Stored items from a collection:

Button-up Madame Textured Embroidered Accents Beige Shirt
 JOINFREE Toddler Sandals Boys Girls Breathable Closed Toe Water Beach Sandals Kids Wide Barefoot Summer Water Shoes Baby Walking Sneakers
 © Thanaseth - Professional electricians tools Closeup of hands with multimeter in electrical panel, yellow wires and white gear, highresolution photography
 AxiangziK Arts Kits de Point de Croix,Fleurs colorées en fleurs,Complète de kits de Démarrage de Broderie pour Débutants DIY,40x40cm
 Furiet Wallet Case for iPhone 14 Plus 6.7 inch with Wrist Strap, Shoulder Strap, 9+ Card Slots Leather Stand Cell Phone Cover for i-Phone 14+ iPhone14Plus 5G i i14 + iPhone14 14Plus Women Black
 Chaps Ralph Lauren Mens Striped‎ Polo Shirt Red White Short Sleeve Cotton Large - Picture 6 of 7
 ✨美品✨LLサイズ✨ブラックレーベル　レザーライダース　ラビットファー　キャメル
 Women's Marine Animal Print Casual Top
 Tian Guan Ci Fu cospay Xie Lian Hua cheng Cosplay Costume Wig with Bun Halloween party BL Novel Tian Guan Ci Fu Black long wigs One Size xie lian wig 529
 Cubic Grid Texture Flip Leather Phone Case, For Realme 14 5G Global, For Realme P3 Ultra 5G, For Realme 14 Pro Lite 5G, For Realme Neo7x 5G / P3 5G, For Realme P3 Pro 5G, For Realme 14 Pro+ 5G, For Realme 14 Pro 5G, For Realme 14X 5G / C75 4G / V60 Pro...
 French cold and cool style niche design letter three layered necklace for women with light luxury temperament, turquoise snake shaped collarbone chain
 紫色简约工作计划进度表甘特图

WORK INSTRUCTIONS: All that belongs in your answer is the stretch of entries above from the line with "gear, highresolution photography" through the line with "AxiangziK Arts Kits", printed exactly.

RESULT OF THIS TASK:
 © Thanaseth - Professional electricians tools Closeup of hands with multimeter in electrical panel, yellow wires and white gear, highresolution photography
 AxiangziK Arts Kits de Point de Croix,Fleurs colorées en fleurs,Complète de kits de Démarrage de Broderie pour Débutants DIY,40x40cm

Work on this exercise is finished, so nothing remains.